Livestrong.com recommends hill repeats. I don’t think my hubby would be too fond of these. And frankly, neither would I. But I like the idea of the repetitiveness of this exercise. We could do this one on a neighboring road or in Hampstead Heath park.
Another option, which is in our training plan, is to run intervals. At a track we would start with running 400M x 4. For the next interval Active.com says we would, “Increase the number of 400s every week by two more until, 10 days before the race, the final workout is: 14 x 400. Each 400 (one lap around a track) should be run eight seconds faster than you want to average per quarter mile in your 5K race.”
I find option three the most fun, a turnover drill. Jeff Galloway’s method would be best for a beginner and would prevent injury since it allows the body to recover. Here is the drill as written on his website:
1. Warm up by jogging slowly for half a mile.
2. Now begin to run at your normal training pace. After you’ve got your momentum going, start your watch. For exactly 1 minute, count the number of times your right foot pushes off. Then multiply that number by two. This is your current turnover rate.

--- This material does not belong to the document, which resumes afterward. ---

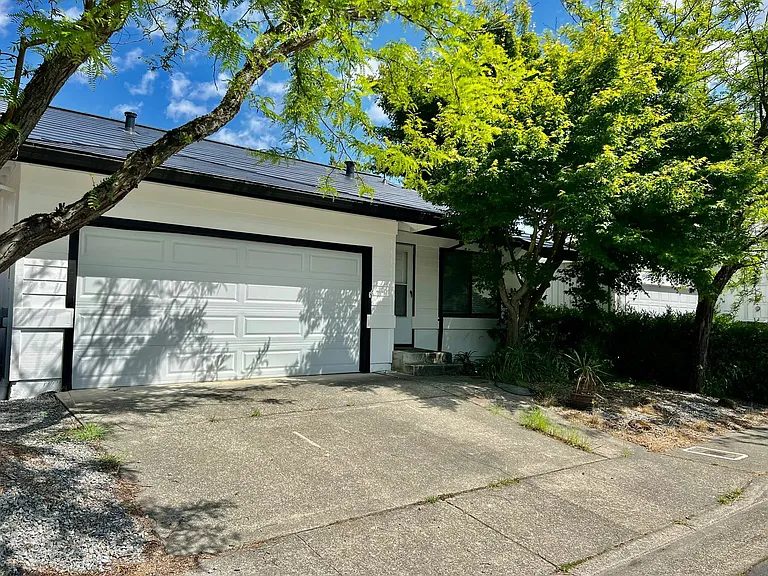 286 Hummingbird Ct — Photo 2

3. Jog slowly back to the start.
4. Repeat step 2, and try to increase the number of right-foot push-offs per minute by two to five. Follow up with another recovery jog.

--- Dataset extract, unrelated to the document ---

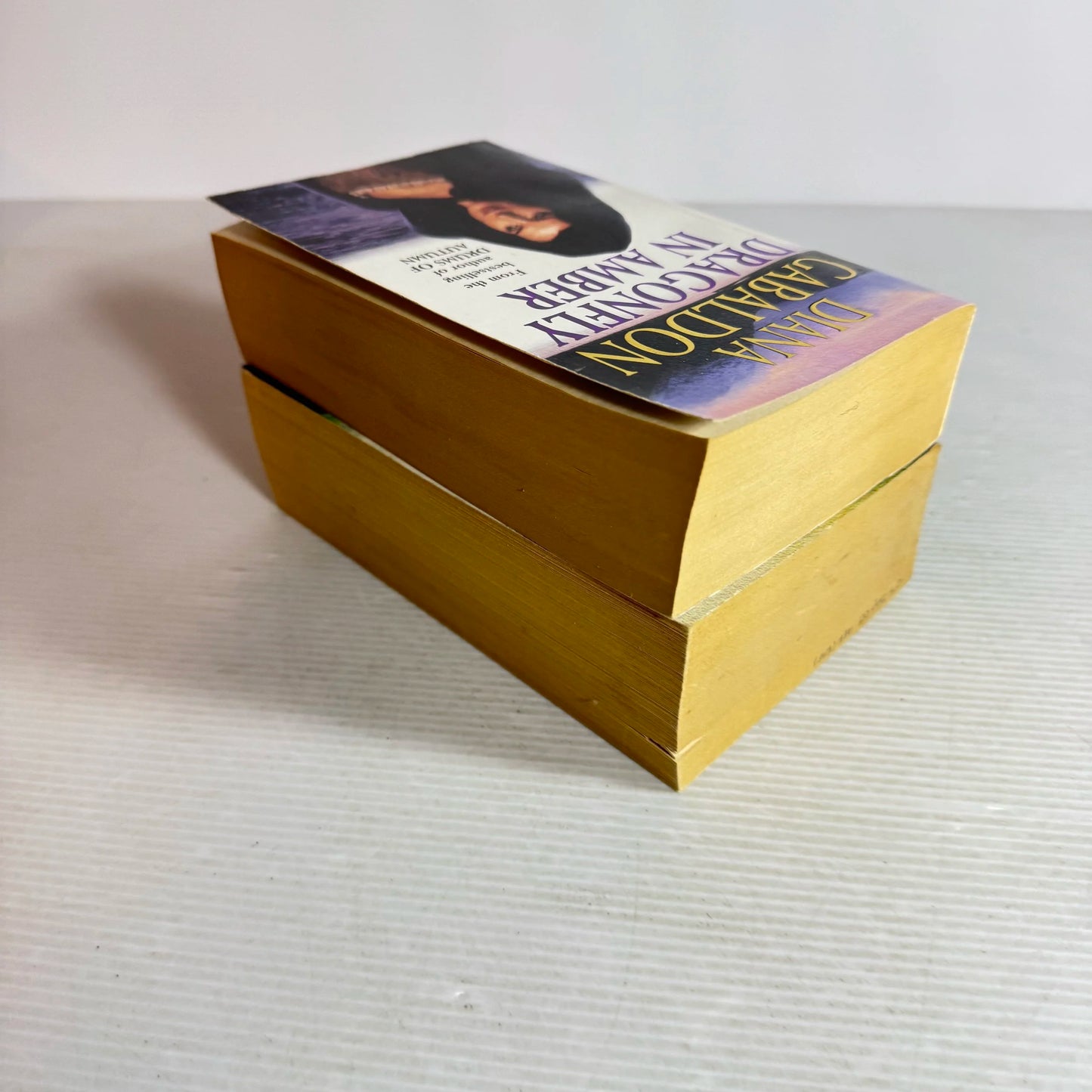 Diana Gabaldon Book Bundle x 2 Books : Drums of Autumn & Dragonfly in Amber (573)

5. Do two to four more repeats, continuing to increase your push-offs each time until you’re not running comfortably anymore. Back off the cadence at that point, and for any remaining repeats, maintain the number of push-offs that allows you to stay relaxed while still using a faster turnover.
I love the idea of being distracted by keeping count. It would be a nice challenge to increase that number at each try. Also, a recovery walk would be oh so welcomed. I love me a walk break.
And then there’s option four: fartlek. It’s the least structured. No track or watch is needed. You basically just run as fast as you can to a certain landmark. Then you pick a farther landmark and repeat. The recovery in between the repeats are up to you.
I’m quite torn between turnover drills and fartlek. But I am leaning towards structure so turnover drills might be it. Luckily we still have time to decide. We won’t start on these until next week or so.
If you can offer any speed training tips I would greatly appreciate it!